Was Lukashenko’s intervention, which supposedly brought the mutiny to an end, at his own initiative or Moscow’s? Whether or not he offered or it was suggested that he intervene it was yet another boost to his self-esteem to bring it to an end.
After the mutiny
Putin made a number of speeches and statements in which he tried to show that he was in control, culminating in his address to troops from the steps of the Kremlin on Tuesday, June 27 when he said that loyal forces had averted “civil war.”
The ceremony, which saw Putin standing on a red carpet and thanking the troops for averting the rebellion, was mocked online by a number of usually pro-Kremlin users as well opposition parties.
Perhaps he didn’t care if his “grand illusion” was progressing as he had planned. In his letter to the Guardian, Walbran wonders if the whole thing was concocted with the sole aim of increasing his footprint in and hold over Belarus. If Putin felt that, even with his nuclear weapons there, Lukashenko’s support was wavering what better way to bring him more firmly under control than by stationing “a private army of at least 25,000 battle-hardened troops, and [with] complete loyalty, into Belarus, ready to take over the country on command?”

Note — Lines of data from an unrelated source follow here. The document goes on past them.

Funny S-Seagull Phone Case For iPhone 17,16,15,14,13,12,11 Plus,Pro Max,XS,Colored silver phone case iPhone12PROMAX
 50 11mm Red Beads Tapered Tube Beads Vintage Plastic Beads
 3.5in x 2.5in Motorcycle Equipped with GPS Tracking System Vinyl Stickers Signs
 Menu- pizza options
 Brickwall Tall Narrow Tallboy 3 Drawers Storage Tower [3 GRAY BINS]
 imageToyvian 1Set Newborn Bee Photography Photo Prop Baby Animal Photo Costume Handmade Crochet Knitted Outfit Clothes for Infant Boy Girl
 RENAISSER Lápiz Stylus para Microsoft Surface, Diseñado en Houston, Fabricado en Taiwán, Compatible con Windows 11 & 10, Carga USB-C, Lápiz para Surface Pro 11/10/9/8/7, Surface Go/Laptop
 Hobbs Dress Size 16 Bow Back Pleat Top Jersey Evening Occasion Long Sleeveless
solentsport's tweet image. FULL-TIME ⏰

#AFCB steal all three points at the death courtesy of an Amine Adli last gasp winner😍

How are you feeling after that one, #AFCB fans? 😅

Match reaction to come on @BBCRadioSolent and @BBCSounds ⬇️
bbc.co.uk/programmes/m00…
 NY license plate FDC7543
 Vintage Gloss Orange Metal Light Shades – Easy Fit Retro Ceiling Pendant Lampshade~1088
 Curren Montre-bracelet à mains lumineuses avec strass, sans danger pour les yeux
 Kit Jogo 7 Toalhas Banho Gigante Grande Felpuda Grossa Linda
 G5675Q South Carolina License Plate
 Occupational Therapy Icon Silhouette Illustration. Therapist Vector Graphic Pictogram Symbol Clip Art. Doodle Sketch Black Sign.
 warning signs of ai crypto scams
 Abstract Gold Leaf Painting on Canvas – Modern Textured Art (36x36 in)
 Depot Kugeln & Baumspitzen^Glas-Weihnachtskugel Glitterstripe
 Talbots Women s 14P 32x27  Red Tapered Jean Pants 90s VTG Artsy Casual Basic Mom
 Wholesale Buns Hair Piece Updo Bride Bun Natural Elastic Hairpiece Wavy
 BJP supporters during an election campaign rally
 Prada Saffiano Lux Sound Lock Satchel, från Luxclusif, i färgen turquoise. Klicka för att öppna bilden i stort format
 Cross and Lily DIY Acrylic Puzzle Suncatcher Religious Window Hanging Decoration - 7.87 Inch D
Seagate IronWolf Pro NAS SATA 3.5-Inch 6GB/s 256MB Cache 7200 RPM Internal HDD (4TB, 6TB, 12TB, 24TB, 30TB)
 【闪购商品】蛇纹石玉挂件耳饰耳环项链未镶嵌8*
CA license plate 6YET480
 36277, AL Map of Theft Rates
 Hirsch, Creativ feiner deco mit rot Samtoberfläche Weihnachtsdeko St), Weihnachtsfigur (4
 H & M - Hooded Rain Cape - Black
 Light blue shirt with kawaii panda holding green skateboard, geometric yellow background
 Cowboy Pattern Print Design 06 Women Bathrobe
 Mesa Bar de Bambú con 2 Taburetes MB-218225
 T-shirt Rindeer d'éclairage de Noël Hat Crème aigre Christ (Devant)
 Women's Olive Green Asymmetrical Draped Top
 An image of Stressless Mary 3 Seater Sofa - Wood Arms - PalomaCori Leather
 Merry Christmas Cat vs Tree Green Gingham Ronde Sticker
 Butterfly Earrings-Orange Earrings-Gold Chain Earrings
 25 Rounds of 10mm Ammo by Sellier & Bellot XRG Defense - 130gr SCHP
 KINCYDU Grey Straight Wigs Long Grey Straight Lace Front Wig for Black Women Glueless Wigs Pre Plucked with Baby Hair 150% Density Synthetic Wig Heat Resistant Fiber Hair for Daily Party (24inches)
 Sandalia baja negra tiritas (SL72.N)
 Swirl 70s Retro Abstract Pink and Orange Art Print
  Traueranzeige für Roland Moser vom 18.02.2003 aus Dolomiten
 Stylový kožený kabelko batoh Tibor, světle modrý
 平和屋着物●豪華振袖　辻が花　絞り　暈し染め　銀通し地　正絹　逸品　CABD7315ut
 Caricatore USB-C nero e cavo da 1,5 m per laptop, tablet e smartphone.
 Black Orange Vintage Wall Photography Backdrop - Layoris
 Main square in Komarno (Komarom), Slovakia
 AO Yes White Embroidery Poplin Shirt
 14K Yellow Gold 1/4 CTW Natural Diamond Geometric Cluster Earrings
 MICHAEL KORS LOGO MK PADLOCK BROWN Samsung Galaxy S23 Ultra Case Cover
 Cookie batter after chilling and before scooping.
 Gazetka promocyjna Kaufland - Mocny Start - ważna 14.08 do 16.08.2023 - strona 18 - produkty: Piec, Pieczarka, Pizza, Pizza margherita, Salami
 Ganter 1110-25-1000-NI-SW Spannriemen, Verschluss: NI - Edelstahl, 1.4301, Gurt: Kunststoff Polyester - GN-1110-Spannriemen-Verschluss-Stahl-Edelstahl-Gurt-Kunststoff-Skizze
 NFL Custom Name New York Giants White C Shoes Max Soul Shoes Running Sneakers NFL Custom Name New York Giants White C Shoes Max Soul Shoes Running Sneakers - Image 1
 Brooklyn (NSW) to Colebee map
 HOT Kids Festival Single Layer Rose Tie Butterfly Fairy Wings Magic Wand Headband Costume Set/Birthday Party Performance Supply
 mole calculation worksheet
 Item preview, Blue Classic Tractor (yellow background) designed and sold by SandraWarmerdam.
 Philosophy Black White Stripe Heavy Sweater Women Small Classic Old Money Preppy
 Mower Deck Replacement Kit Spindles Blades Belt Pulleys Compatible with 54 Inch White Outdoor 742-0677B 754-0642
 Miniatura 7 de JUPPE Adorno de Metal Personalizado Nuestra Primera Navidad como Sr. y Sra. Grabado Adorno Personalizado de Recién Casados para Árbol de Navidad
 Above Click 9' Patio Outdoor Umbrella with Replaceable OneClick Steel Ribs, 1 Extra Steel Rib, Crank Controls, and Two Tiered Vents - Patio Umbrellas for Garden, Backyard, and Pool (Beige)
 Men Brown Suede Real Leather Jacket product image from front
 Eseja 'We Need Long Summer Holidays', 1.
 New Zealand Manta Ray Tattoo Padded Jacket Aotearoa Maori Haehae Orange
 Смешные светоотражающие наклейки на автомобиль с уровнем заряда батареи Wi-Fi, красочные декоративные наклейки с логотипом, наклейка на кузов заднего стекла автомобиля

Even if that wasn’t the intention, having Wagner in Belarus would create, at the very least, a distraction for Ukraine from its offensives in the south and east. A silver lining could also result if, reacting to the provocation of their presence led Kyiv to take pre-emptive action against them on Belarusian soil might be just the incentive Lukashenko needed to consider committing his own troops to Moscow’ “special military option.”
Sue Joiner asked: “Shouldn’t we at least be alert to the possibility that this whole episode has been a feint to get him and his troops into position in Belarus so that they can attack Kyiv from the north, catching Ukraine in a pincer movement? We’ve been caught off-guard before.”
The other thing to bear in mind is that Putin is an advocate for his version of history and used much of his post-muting speech to remind his people of the mutiny that followed Russian military failure in 1917.
“Intrigues, infighting, political games behind the backs of the army and the people have led to immense shocks, the collapse of the military and the state,” he said on the night of Friday, June 30. By implication, he was asking Russia did they want to repeat those mistakes.
Fantasy, Fiction or Fact
This is of course pure speculation and there are commentators more erudite and better informed than me who believe that what has happened with Prigozhin is merely symptomatic of the Russian President’s ongoing failure to “read the tea leaves” and to make ever more, from Russia’s perspective, egregious errors that compound the one big one he made on Feb. 24, 2022.
That said I believe this was a kite worth flying as Ms Joiner and Mr Walbran have suggested.